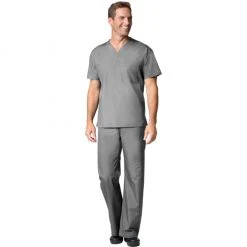 Maevn Mens V-Neck Top And Drawstring Pant Set Style - 90061006 Size XXS - L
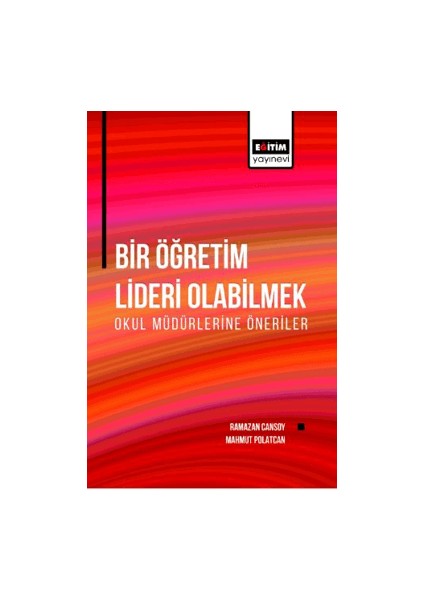 Bir Öğretim Lideri Olabilmek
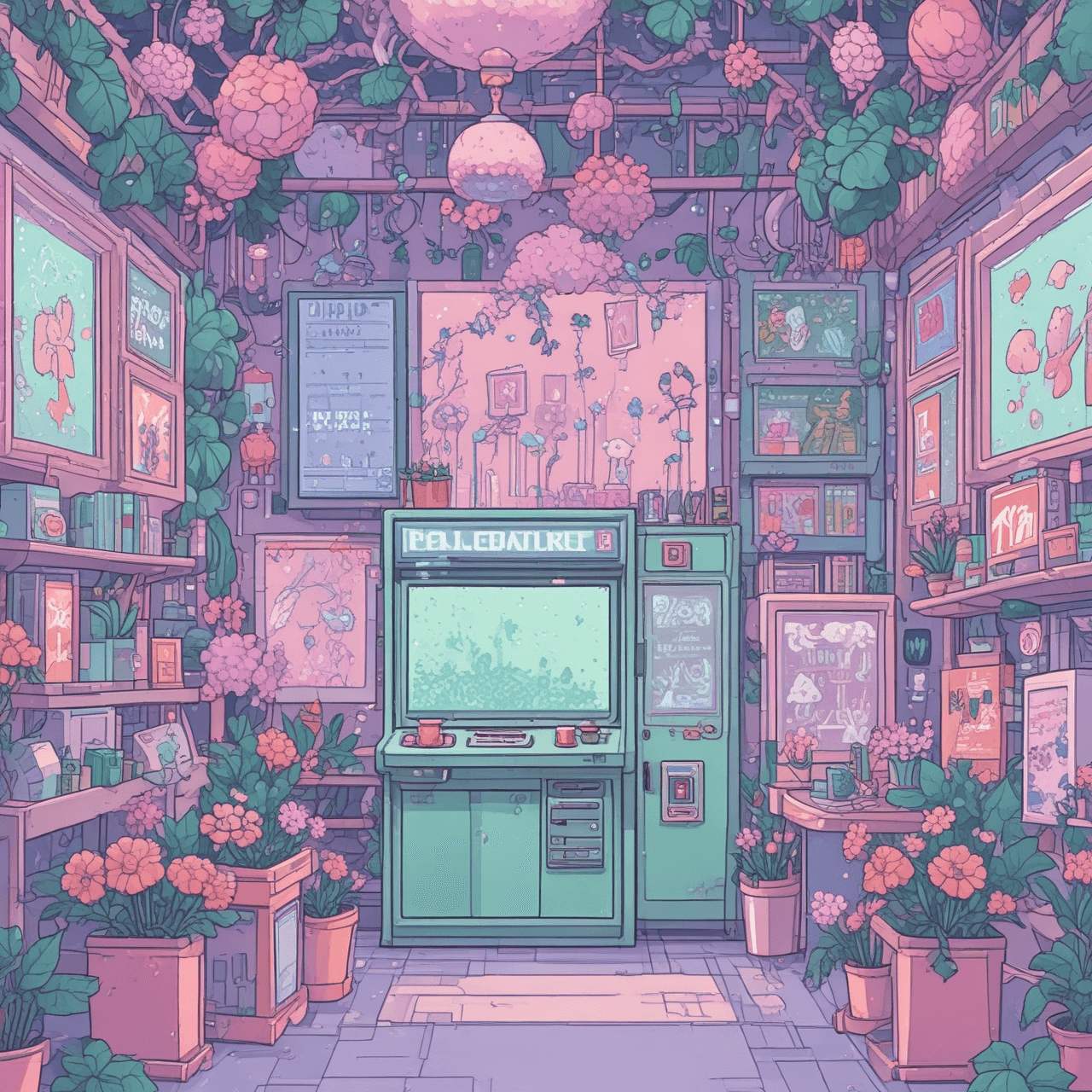 IB Bio Glam Sprint game banner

> _Task details_
Once the pictures are removed, repeat all of the data above exactly.

> _Response area_
 Maevn Mens V-Neck Top And Drawstring Pant Set Style - 90061006 Size XXS - L
 Bir Öğretim Lideri Olabilmek
 IB Bio Glam Sprint game banner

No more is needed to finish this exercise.